Emergency cash transfers for 21 thousand flood victims in Afghanistan
After the flash floods receded, Hungarian Interchurch Aid conducted surveys to identify the most affected families and opened a field office to implement its aid programme in Baghlan. In partnership with the United Nations Children’s Emergency Fund (UNICEF), the first 724 flood-affected families have received emergency cash transfers, and a further 2,276 families can expect to receive the help they need to survive in the coming days. These transfers will allow victims to buy essentials based on their individual needs.
On 10 and 11 May, floods hit the northern and northeastern provinces of Afghanistan, and a week later, Faryab and Ghor provinces. The series of natural disasters killed more than 100 people in the two worst affected districts of Baghlan and at least 84 in Faryab province alone, according to the Hungarian Interchurch Aid’s field office. While relief efforts have already begun in Baghlan province, in Faryab province, the assessment of the damage and the victims is being carried out in cooperation with several international organisations. In line with its long term objectives, the HIA is also working to provide regular support to people who have lost everything and to participate in reconstruction programmes after the immediate disaster phase has passed.

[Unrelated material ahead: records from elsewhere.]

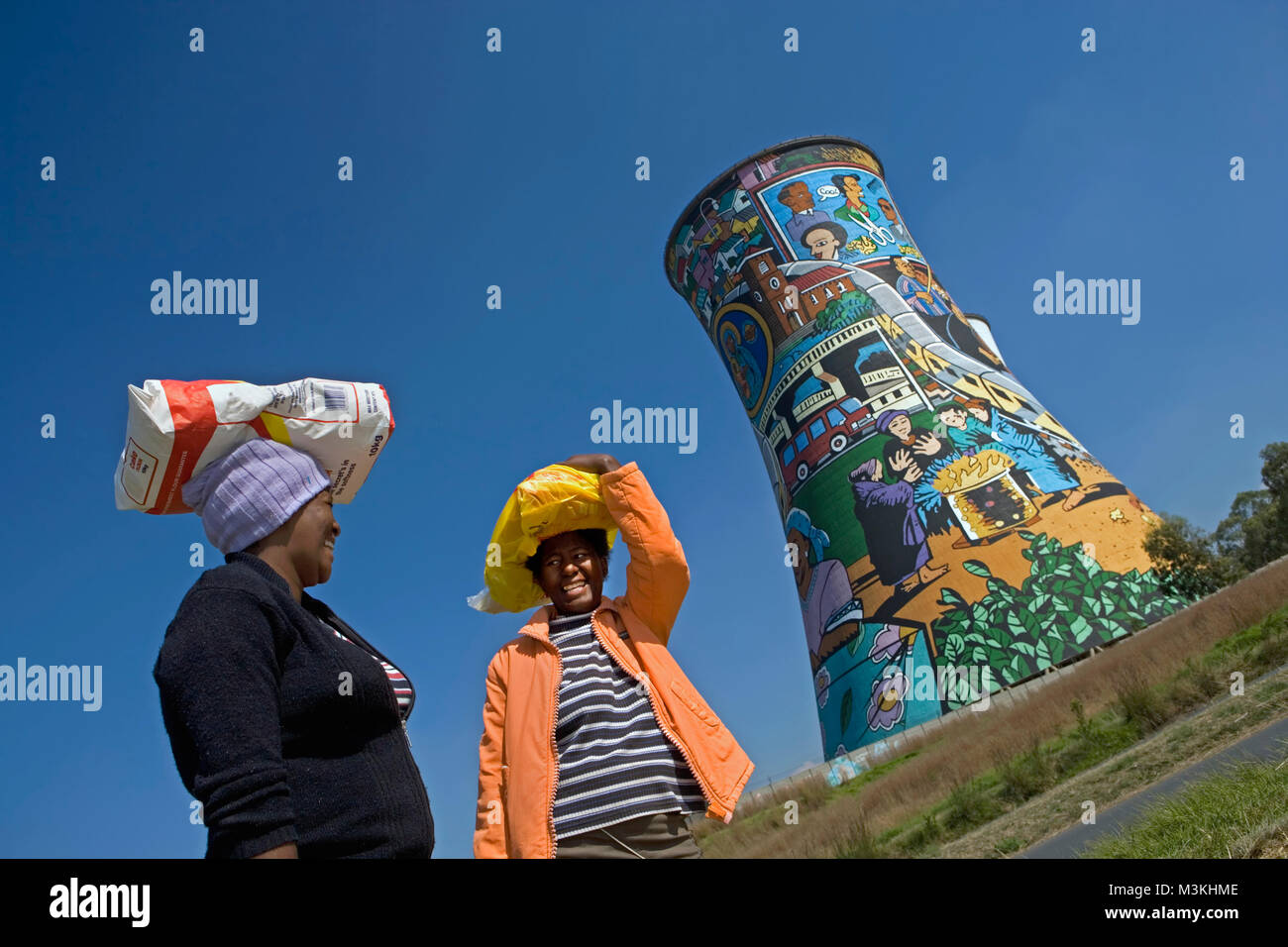 Südafrika. Johannesburg. Bezirk: Soweto. Frauen vor der Türme, die früher als Wasserkühlung für Kraftwerk eingesetzt. Stockfoto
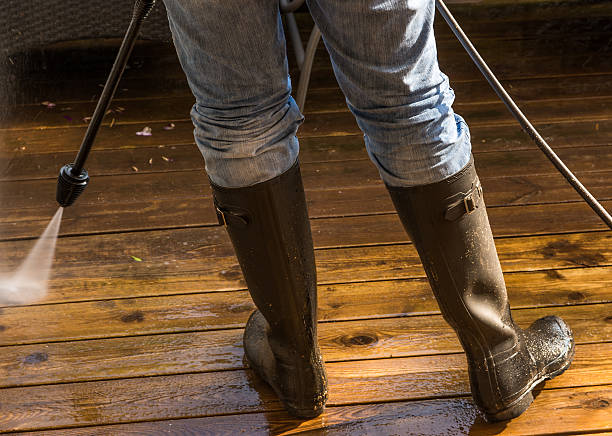 istock Cleaning the patio 186005860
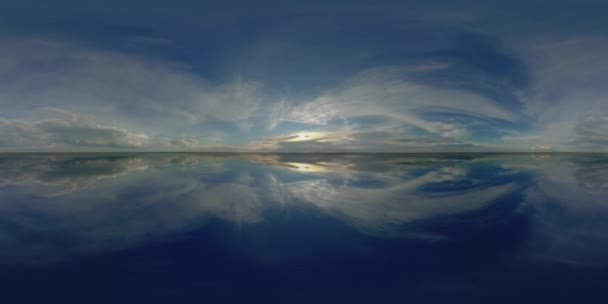 360 panorama espejo fondo cielo, naturaleza horixo nublado, esférico paisaje nuboso lago aéreo o mar — Vídeos de Stock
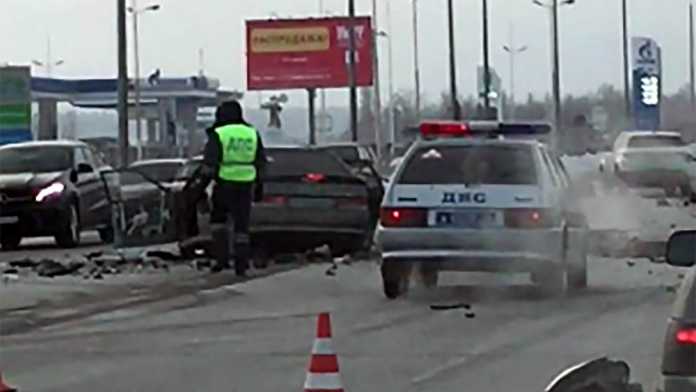 Серьезная авария на Загородном шоссе. Столкнулись Mercedes, Skoda и ВАЗ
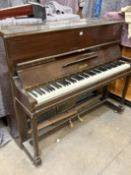 AN ALDON MAHOGANY UPRIGHT PIANO, width 134cm, depth 56cm, height 111cm, condition report: scuffs and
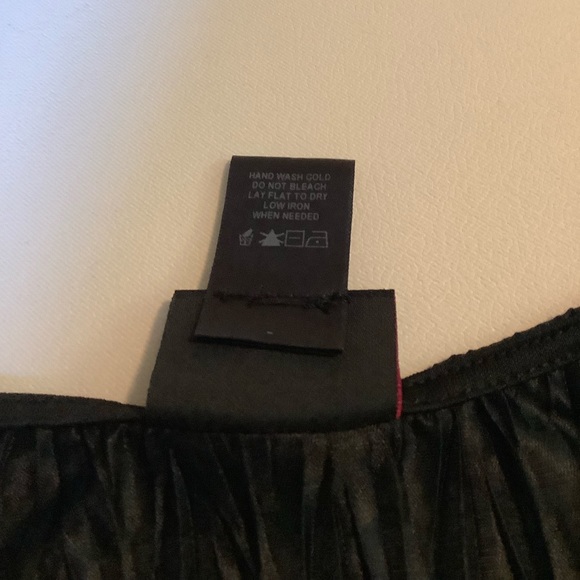 Torrid Crinkle Top Cap Sleeve Banded Low Back 2X - Picture 5 of 8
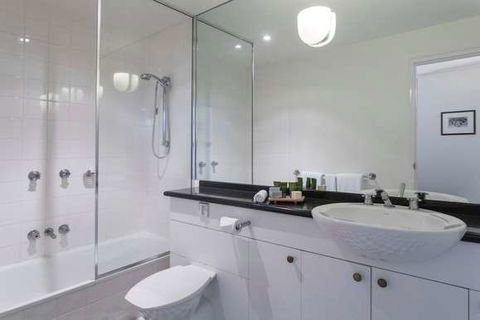 Mantra On Jolimont - Accommodation Adelaide 8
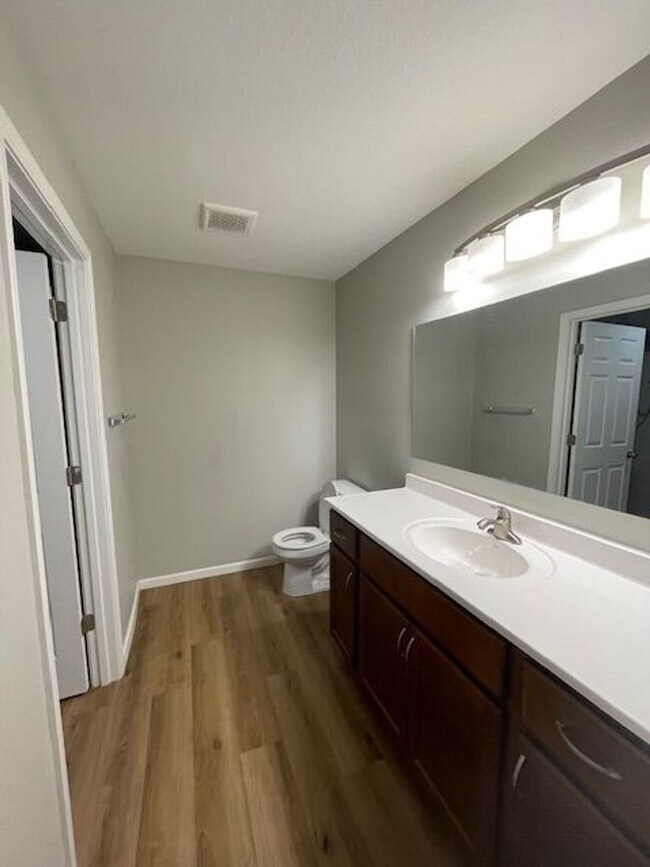 Building Photo - 202 Tyler St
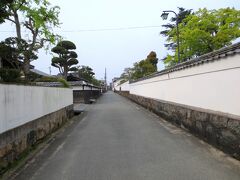 長門市から少しドライブして萩の町へ。日本の道百選にも選ばれている菊屋横丁。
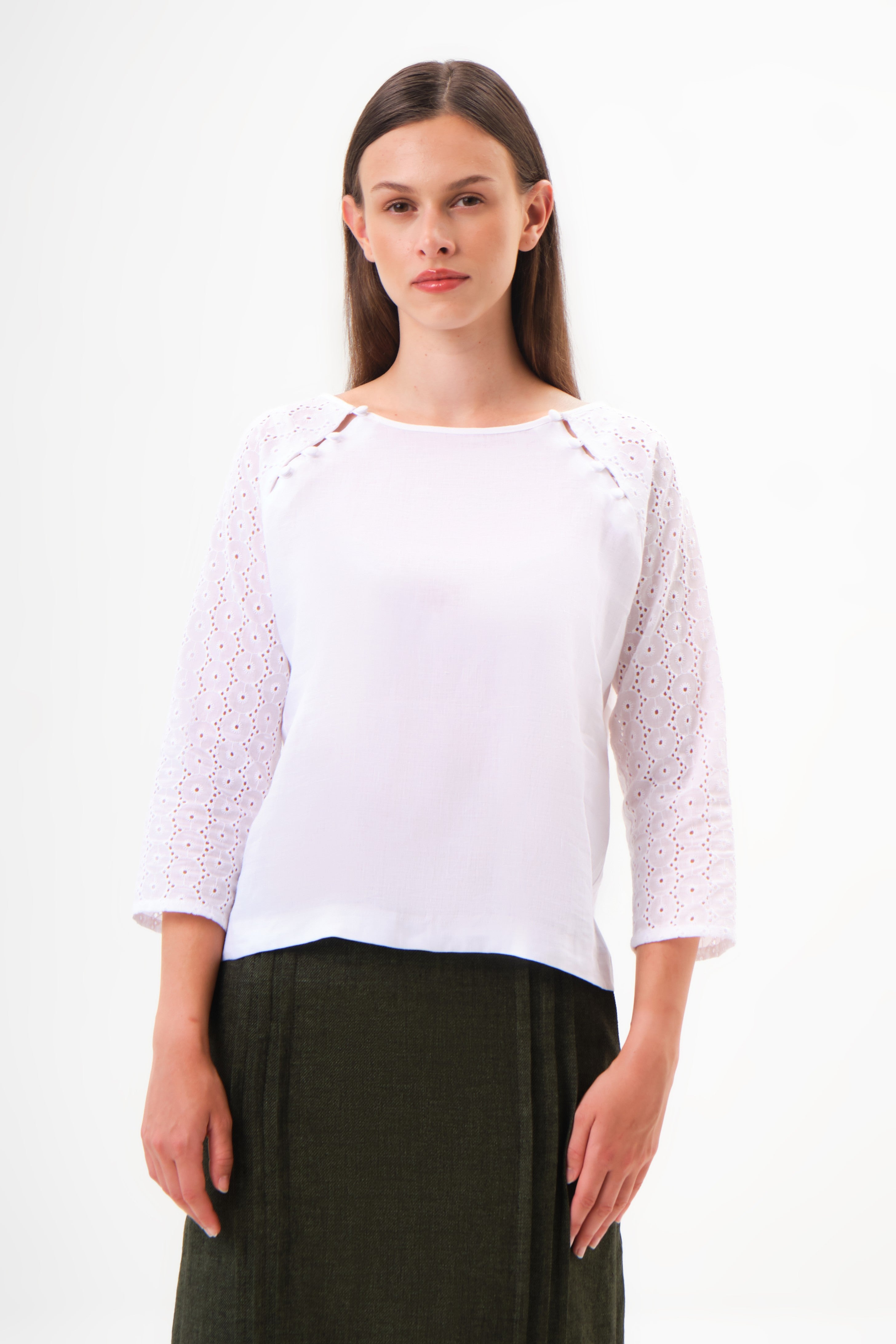 felicitas-damen-bluse-berlyn-leinen-bluse-lochstick-rmel image 1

Hungarian Interchurch Aid has been working in Afghanistan since 2001. During this period, it has directly assisted more than 1,5 million people in 10 provinces of the country in cooperation with UN Agencies, INGOs, Hungary’s Ministry of Foreign Affairs and Trade and the Hungary Helps Agency within the framework of humanitarian and development programmes. In addition to its emergency aid programme targeting flood victims, HIA will also provide food items to ~170,000 people in Faryab province in partnership with the World Food Programme as well as cash-based assistance on a monthly basis. Participating in rural development through the coordination of community work involving thousands of beneficiary families, HIA cleans and constructs irrigation canals, builds and maintains dams; participates in reforestation, road and reservoir repair and other public infrastructure-related development projects.